直径0.9mmの小さなカメラ(涙道内視鏡)
涙道内視鏡は、径0.9mmの小さなカメラで涙点から挿入して涙の通り道(涙点→涙小管→涙嚢→鼻涙管→鼻腔)の内部を直接みることができます。術前に病状の把握するための涙道内視鏡検査や涙管チューブ挿入術・涙嚢鼻腔吻合術・涙小管形成術といった涙道手術に用います。
涙がでる(流涙症)は様々な原因で起こりますが、涙道閉塞が原因の流涙症には内視鏡を用いた「涙道手術」を行っています。涙の通り道(涙道)の内部は涙道内視鏡、涙道の出口側(鼻腔)は鼻内視鏡で診察することができます。内視鏡を用いることで、涙道と鼻腔の内部をモニター画面で確認しながら治療を行うことができるため、安全で体への負担が少ない(低侵襲な)手術です。
涙道内視鏡は、径0.9mmの小さなカメラで涙点から挿入して涙の通り道(涙点→涙小管→涙嚢→鼻涙管→鼻腔)の内部を直接みることができます。術前に病状の把握するための涙道内視鏡検査や涙管チューブ挿入術・涙嚢鼻腔吻合術・涙小管形成術といった涙道手術に用います。

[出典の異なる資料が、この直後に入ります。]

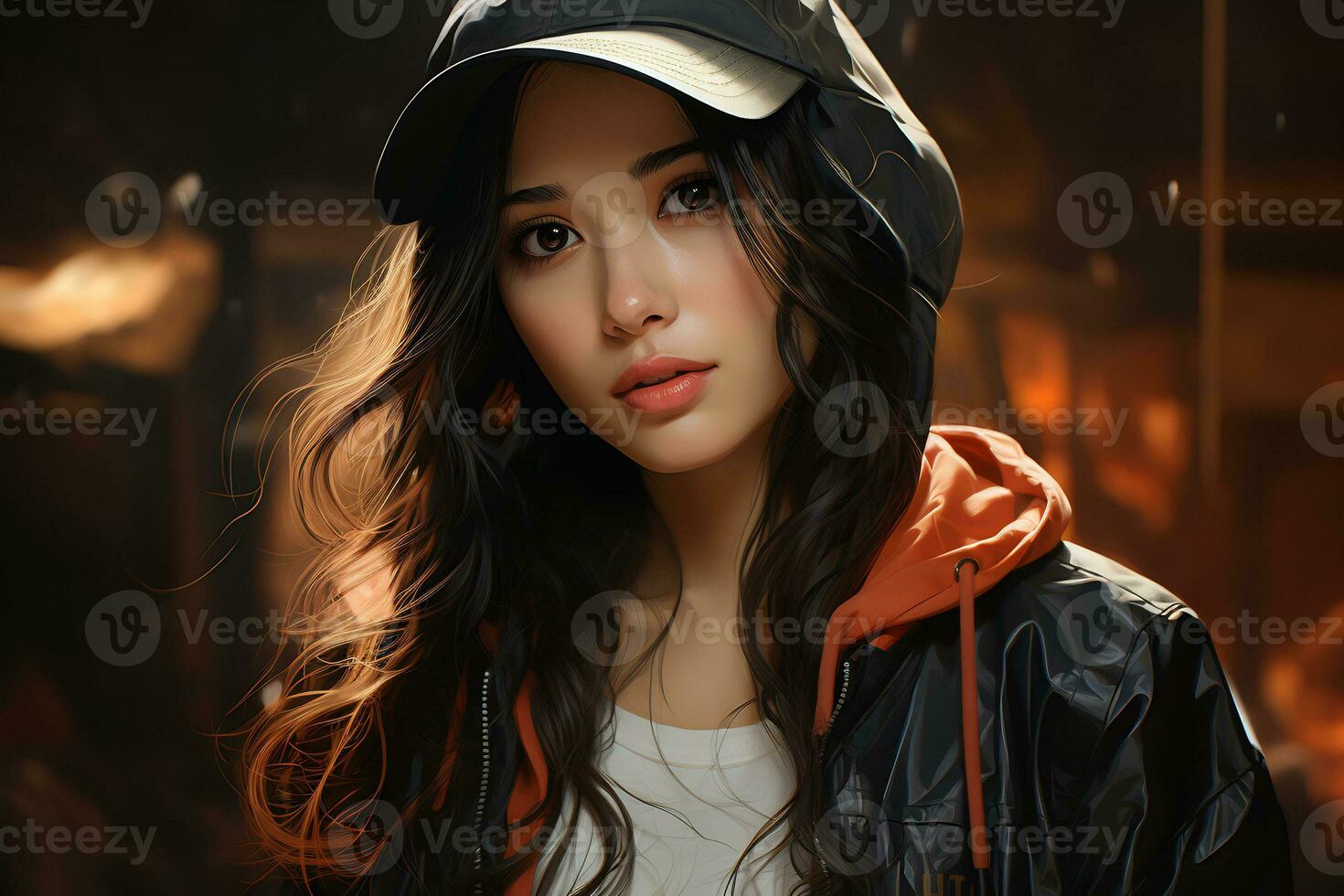 An beautiful asian baseball girl figure in casual outfit AI Generative photo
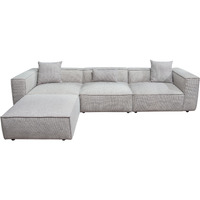 Vice 4Pc Modular Sectional In Barley Fabric With Ottoman By Diamond Sofa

涙の通り道は、目頭の涙点から鼻腔へとつながっています。涙の鼻腔側の出口を診察することができるため、術前診断、術後の処置(チューブ抜去など)そして涙道手術に用います。
本来の涙の流れる道(涙道)を再開通させる手術で、適応となる閉塞部位は、涙点狭小、涙点閉塞、涙小管閉塞、総涙小管閉塞、鼻涙管閉塞です。涙道内視鏡という直径0.9mmの小さなカメラで涙道の内側を確認しながら、狭くなっている部分や閉塞部をひろげます。涙道を再開通させて涙管チューブを挿入します。2~3ヵ月間留置した後、チューブは抜去します。外来手術(局所麻酔)で行います。
涙点閉塞や涙小管閉塞のうち涙点に近い部分から閉塞している重症度の高い状態にはチューブが挿入できないことがあります。また、程度の強い鼻涙管閉塞では、この術式では治療が難しく涙嚢鼻腔吻合術が必要となります。
涙嚢鼻腔吻合術は、涙嚢から鼻腔へと新しく涙の流れる道(バイパス)をつくる手術です。涙嚢炎や涙管チューブ挿入術では治らない程度の強い鼻涙管閉塞に行います。鼻内視鏡を使用して鼻腔から行う方法(鼻内法)のため、顔面に傷を作るつくることはありません。手術には入院が必要のため、院長が大阪赤十字病院などの医療機関で執刀しています。術後の診療、鼻内視鏡検査、処置は当院で行っています。
先天鼻涙管閉塞は、生まれつき涙の通り道が鼻腔へとつながる部分が塞がっていることで、涙が鼻腔へと流れない状態となっています。まれなものではなく新生児の6~20%にみられます。症状は生後まもなくからの「なみだ」「めやに」です。1歳頃までに自然によくなることが多いですが、よくならないときには点眼麻酔で先天鼻涙管閉塞開放術(プロービング)を行っています。